=== INFORMATION GIVEN ===

···

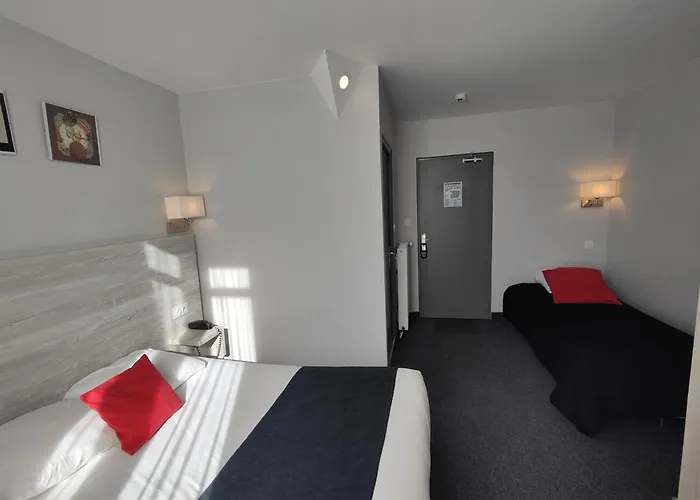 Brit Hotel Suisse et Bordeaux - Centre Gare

···

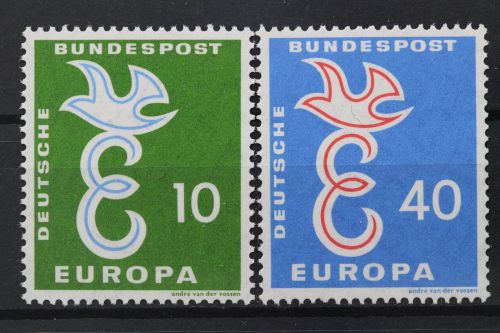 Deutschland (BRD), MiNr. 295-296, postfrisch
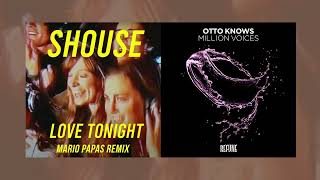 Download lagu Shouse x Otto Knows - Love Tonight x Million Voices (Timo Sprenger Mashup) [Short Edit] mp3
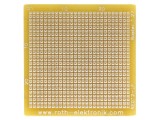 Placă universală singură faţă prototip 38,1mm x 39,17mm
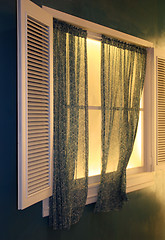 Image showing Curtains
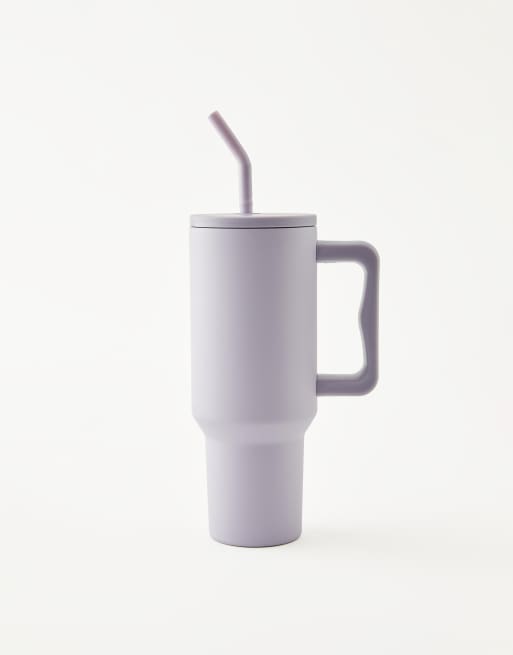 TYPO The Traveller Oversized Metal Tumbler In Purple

···

To complete this exercise, transcribe exactly the lines above from the one that holds "Placă universală singură" through the one that holds "TYPO The Traveller". Pictures stay out.

 Placă universală singură faţă prototip 38,1mm x 39,17mm
 Image showing Curtains
 TYPO The Traveller Oversized Metal Tumbler In Purple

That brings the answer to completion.